Impress me, Emerald! |
Teacher: I need you to impress me, Emerald!
Latitude is great – there are multi-coloured sheep!
If Brian Eno had made a Carry On film it would be brilliant.
The pen? Don’t tell me it’s in the pen pot! Surely not!
[On the phone] I love your sneakers! I wish I was wearing them now!
It's very strange being in a city you aren't really in.
In the charity shop
Sonia could crochet something like that.
In the café
Older lady: There’s a cupcake café in Camberley!
Small boy: What does “hyperactive” mean?
Two architects: It’s Tudorbethan – either someone’s got a tremendous sense of irony or no sense of irony at all.

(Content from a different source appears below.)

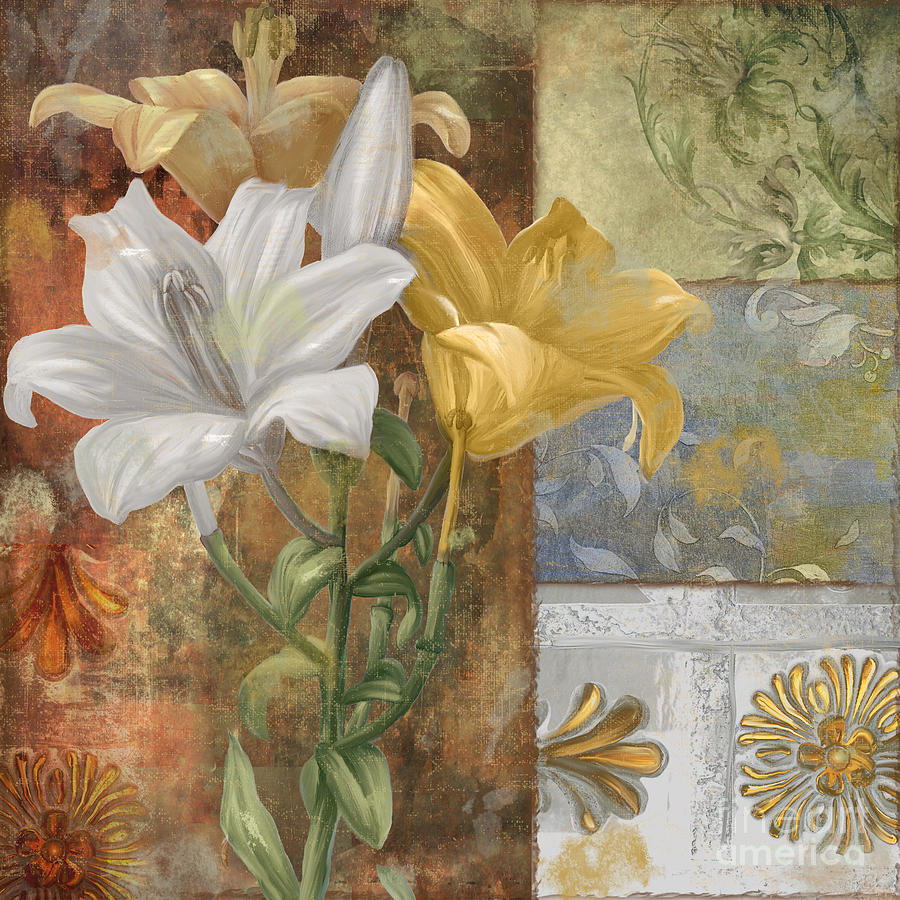 Lily Painting - Primavera by Mindy Sommers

Girl: This is bubble and squeak. I can’t believe you’ve never had bubble and squeak. It’s like fried carrots. It goes really well with eggs.
At the bus stop
This was all like – I know Brian.
I just can’t be doing with it, Julie. I can’t be arsed.
I found one that was very similar and it was grey.

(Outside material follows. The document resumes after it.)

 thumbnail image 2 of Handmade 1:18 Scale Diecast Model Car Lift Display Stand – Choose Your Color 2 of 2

When they do magic, they don’t say anything – all them Japanese people.
On the bus
Black men! That’s what we need on the currency – not more women! Not bloody Virginia Woolf! They just need to use more dye!

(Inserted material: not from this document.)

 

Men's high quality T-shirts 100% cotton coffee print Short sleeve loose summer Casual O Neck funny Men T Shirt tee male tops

Man on phone outside my son's nursery: "A shepherd. She's a f***ing SHEPHERD! You won't believe who got Mary." (@mrnickharvey)
"I'll be damned if I'm gonna be shaped by the ugly things in life. I only allow myself to be crafted by life's beauty." #HeardinTottenham (@HeardinLondon)
Overheard: "I suppose I have a bit of the Gipsy in me. I was born in Essex, but moved to Horsham." (@Lord_Steerforth)
More here, and links to the rest.
My favourite Nativity casting moment is always the child who is going to be the star. So you think she's got a major part, but she's standing beside the stable with a big cardboard shape in front of her.